[Crawled caption data]
'''

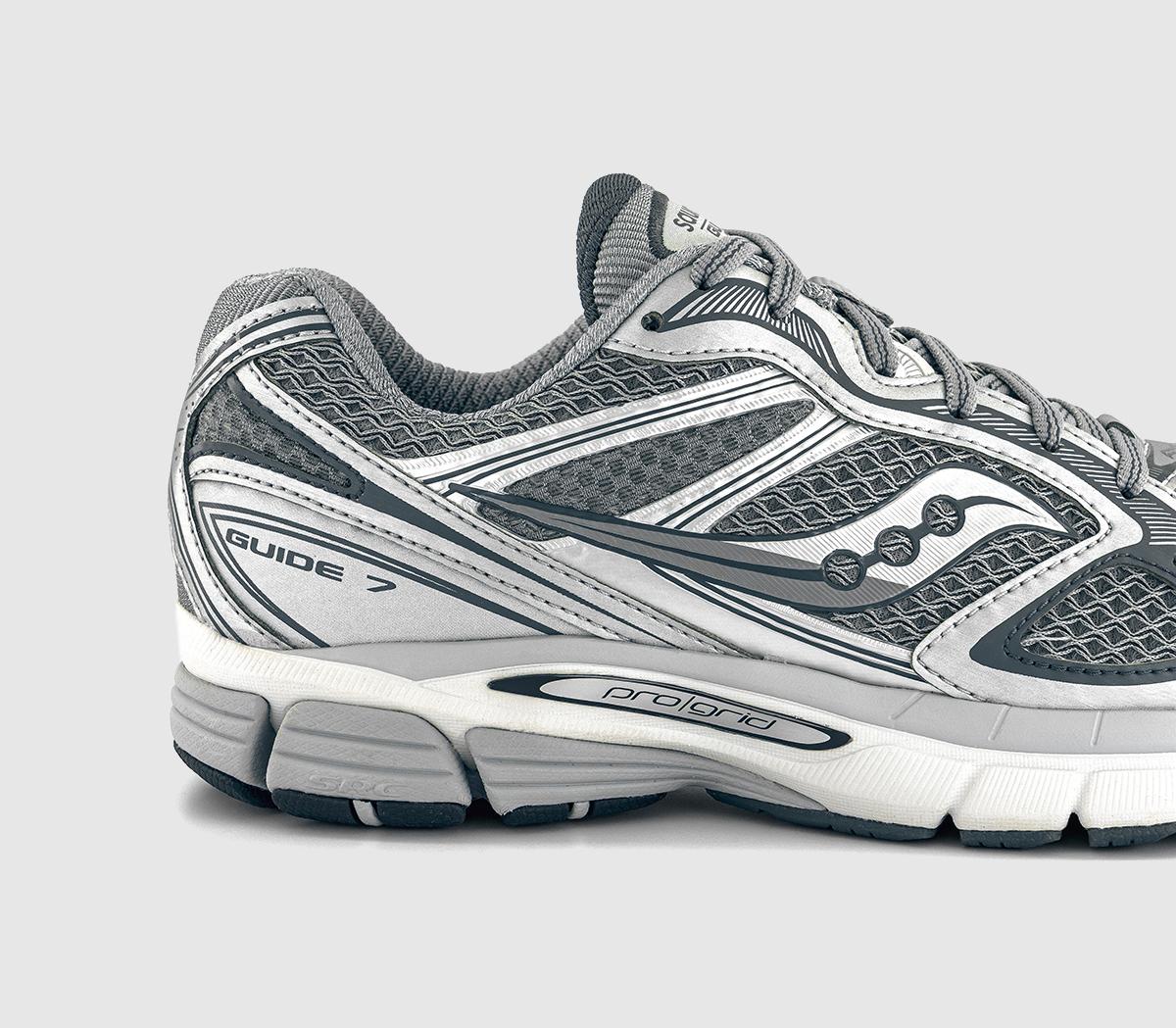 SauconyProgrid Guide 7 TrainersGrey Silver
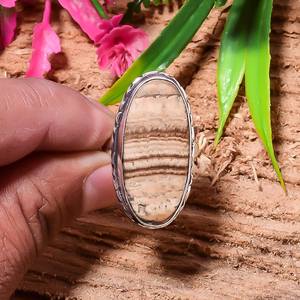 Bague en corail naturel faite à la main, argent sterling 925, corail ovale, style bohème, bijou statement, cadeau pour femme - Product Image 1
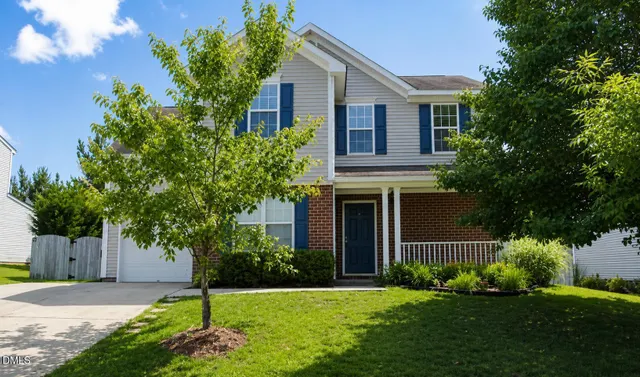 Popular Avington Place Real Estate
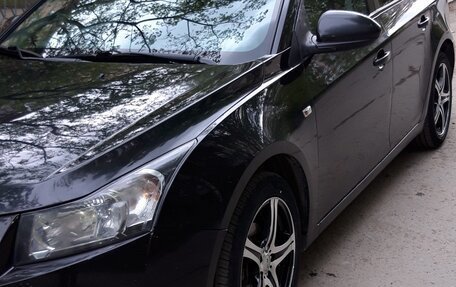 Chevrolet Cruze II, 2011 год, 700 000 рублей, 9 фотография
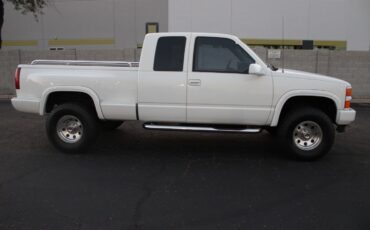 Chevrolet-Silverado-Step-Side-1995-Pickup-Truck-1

'''

▸ Problem details
Every line in the records is to be retyped exactly as it stands; the pictures stay out.

▸ Expected answer
 SauconyProgrid Guide 7 TrainersGrey Silver
 Bague en corail naturel faite à la main, argent sterling 925, corail ovale, style bohème, bijou statement, cadeau pour femme - Product Image 1
 Popular Avington Place Real Estate
 Chevrolet Cruze II, 2011 год, 700 000 рублей, 9 фотография
 Chevrolet-Silverado-Step-Side-1995-Pickup-Truck-1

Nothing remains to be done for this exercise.